Non sono una romantica a tutti i costi. E con questo non sto dicendo che l’amore non sia romantico per me. L’amore può rendere romantico chiunque, o quasi. Ma… Romeo e Giulietta è una tragedia. E come tutte le tragedie shakespeariane, i personaggi muovono inesorabilmente verso il loro tragico destino… affinché sia la tragedia che deve essere. Anche nelle prospettive che propongo io dell’amore e della relazione il punto è questo: la tragedia è tragedia. Non può che finire tragicamente. “Sarebbe una tragedia in ogni caso”, anche se dovesse evolvere diversamente. Comunque dovesse andare a finire, sarebbe una tragedia. “E’ finita. Finirebbe comunque. In un modo doveva pur finire. Con la morte. Con la fine. Meglio con la fine. Nessuno spargimento di sangue” Dice una delle ipotetiche Giulietta.Non c’è nessuna speranza dunque? Non se smettiamo di farci domande. Quelle giuste. Denuncia sociale? Ma no. Al massimo quello che denuncio è la scelta (consapevole o meno) di non farsi domande. Il decidere di non interrogarsi realmente sul proprio sentire. Il non indagare i propri sentimenti in maniera onesta. Solo questo ci rende colpevoli, verso noi stessi, in primis. E ci impedisce la libertà.

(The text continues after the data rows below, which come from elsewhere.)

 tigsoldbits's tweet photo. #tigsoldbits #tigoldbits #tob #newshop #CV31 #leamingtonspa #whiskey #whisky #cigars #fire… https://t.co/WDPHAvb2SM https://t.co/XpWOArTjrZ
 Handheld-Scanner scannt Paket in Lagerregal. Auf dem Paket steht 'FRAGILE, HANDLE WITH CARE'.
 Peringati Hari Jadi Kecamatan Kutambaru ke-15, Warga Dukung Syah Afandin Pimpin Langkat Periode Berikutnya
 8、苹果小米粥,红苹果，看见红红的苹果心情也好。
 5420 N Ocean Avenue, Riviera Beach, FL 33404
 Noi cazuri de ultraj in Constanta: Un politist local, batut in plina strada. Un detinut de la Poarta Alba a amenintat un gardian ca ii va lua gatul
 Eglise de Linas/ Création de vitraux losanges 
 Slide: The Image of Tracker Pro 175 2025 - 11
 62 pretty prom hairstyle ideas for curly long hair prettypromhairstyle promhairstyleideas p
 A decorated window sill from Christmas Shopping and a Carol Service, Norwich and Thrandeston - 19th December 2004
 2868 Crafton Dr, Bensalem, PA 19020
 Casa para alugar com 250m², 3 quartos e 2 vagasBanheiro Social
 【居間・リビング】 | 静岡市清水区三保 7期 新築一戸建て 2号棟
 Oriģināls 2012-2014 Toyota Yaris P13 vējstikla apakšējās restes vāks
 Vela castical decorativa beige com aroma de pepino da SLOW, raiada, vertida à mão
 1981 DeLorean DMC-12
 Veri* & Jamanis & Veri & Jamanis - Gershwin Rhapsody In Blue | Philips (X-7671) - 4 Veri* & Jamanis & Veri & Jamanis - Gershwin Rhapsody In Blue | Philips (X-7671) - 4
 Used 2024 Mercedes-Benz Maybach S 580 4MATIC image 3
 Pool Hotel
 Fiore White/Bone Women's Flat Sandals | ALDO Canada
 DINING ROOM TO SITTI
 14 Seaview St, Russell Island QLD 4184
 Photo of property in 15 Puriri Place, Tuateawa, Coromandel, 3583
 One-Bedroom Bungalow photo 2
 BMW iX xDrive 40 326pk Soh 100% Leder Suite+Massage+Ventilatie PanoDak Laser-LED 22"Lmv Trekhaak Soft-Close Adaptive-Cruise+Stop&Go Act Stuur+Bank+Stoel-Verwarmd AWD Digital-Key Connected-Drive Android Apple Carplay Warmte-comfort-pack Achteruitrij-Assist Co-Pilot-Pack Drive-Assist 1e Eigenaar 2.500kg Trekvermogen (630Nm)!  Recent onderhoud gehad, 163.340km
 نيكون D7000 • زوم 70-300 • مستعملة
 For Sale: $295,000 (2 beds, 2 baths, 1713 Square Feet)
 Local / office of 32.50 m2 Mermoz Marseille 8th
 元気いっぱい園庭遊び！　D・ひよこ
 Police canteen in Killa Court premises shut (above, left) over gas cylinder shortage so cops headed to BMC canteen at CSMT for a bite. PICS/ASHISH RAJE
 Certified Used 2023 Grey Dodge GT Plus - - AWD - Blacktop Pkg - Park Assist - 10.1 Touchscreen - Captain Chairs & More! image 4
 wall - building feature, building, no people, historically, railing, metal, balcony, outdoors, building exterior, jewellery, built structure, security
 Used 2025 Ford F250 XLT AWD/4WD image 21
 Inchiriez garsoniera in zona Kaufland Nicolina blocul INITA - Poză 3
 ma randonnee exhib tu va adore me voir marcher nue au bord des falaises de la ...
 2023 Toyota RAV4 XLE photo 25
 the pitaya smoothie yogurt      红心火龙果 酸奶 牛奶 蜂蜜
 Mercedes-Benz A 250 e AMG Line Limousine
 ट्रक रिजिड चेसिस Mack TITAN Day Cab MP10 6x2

Ci racconta qualche aneddoto sulla realizzazione dell’opera?

Aneddoti? Ero in giro con i vestiti di scena in un palazzo per fare delle foto. Una signora arriva sul pianerottolo e mi fa (tra l’altro trovandomi arrampicata sulla ringhiera): “Vuje sit’ a spos’ ‘ro terz’ piano? Chell’ ca s’adda spusa’?” e io: “No sono un’attrice. Devo fare dello foto per uno spettacolo” E lei: “E’ facit’ bbuon. Nun dat’ rett’. E’ megl’ a’ recità”. Fine. Come darle torto!